Calm or complacent? Be wary of the “steady as it goes” Budget and plan for a realistic downside.

I told you so…

Other than finding out that Philip Hammond is not great at comedy, what else can we learn from the 2017 Budget? The Chancellor does appear to be a man of his word. He promised to move the main fiscal event to the Autumn and he did not disappoint: this was a budget of few surprises and little policy detail.

…there is nothing to worry about…

Joking his way through the speech, the Chancellor seemed to be a man without a care in the world. Certainly there was no sign he seemed concerned about the potential upcoming negotiations on the UK’s exit from the EU. Quite the opposite, there was no major policy initiatives designed to boost UK economic performance significantly in the short or medium-term.

Maybe the Chancellor is right and we have little to worry about even though the UK has lost its crown as the fastest growing major developed economy to Germany and the OBR’s forecast suggests the UK is losing growth momentum. However, there is a risk that we may be hiding our head in the sand. The OBR did note:

But the Government does not appear to be on a track to meet its stated fiscal objective to “return the public finances to balance at the earliest possible date in the next Parliament”.

In fact, the OBR suggested an ageing population and rising health costs may knock the Government further off target.

…or is there?

There are certainly some downside risks to the OBR’s forecasts for the UK economy. Although the OBR’s forecast of 2% GDP growth is in line with the most recent Bank of England estimate, both are significantly ahead of consensus which is around 1.4 to 1.5%. The OBR appears to expect lower inflation and this supports higher consumer spending in the early part of the forecast period.

However, the element of the OBR’s forecast that doesn’t fit at all with what I am seeing in the corporate world, is business investment. The OBR not unreasonably points out the volatility in the data, but they also note:

“Heightened uncertainty is likely to lead some businesses to put investment on hold”

But then goes on to suggest business investment will bounce back in 2018 and 2019, though these will be the two years when uncertainty about what Brexit will mean will be weighing most heavily on business investment.
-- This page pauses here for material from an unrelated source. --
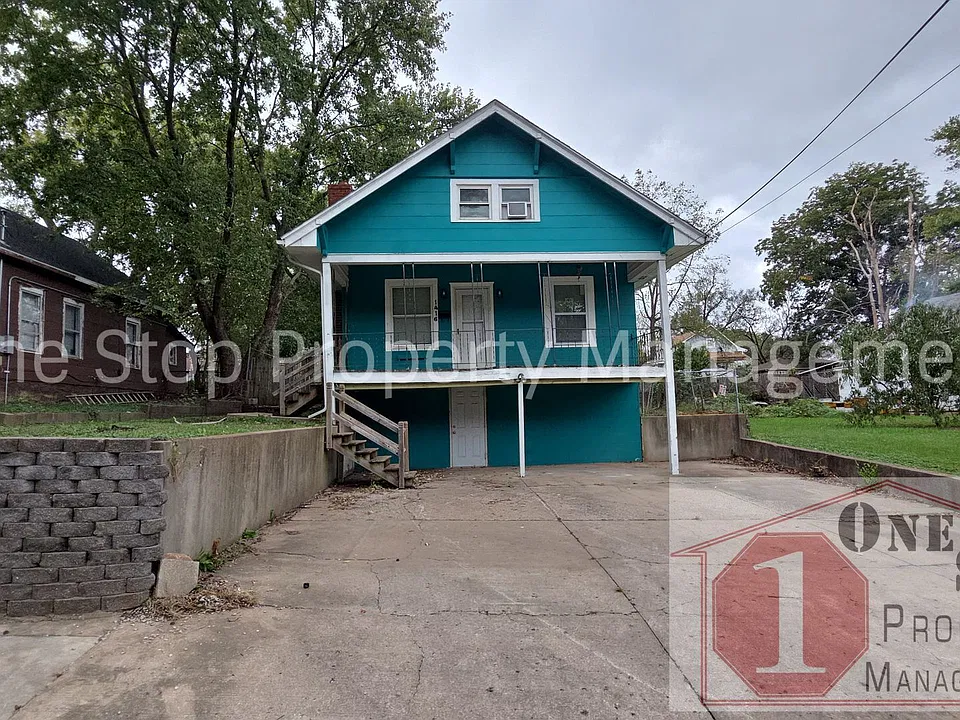 1416 S Northern Blvd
Yes, it is true that investment has been more resilient than many people thought since June 23rd, but in part this reflects the fact that the UK economy grew strongly in the second half of 2016, there was no sign of a slowdown to concern business. In addition, as EY research shows, businesses were thinking more about their investment three years out than their already committed projects.

This matters a great deal because the OBR is assuming a reasonably strong improvement in UK productivity in the next few years to an annual rate of 1.8% in 2020, compared to 1% last year. If this doesn’t materialise then the long-term growth potential of the UK economy will be smaller than currently assumed.

And let’s not worry about Brexit?

It is also the case that the OBR’s forecast skirts around Brexit. While there is some adjustment for potential disruption to trade after 2019, the OBR assume immigration falls to 185,000, a significantly higher number than previous Government targets. A faster fall could lead to a significant lowering of the forecast.

Be careful out there.

The worst thing to do would be to see “steady as it goes” as a sign that things are in good shape – we just don’t know that is the case. Businesses would be wise:

  • To base plans around consensus GDP growth rather than the OBR’s top end number;
  • To prepare for downside risks from Brexit if investment, trade and migration all move adversely compared to the OBR’s view;
  • To plan for a greater future fiscal squeeze if lower growth, rising care and NHS costs, and Brexit conspire to hit the public finances. National Insurance for self-employed workers, particularly employers’ contributions, appears to be a likely target and employment plans should test out alternative assumptions.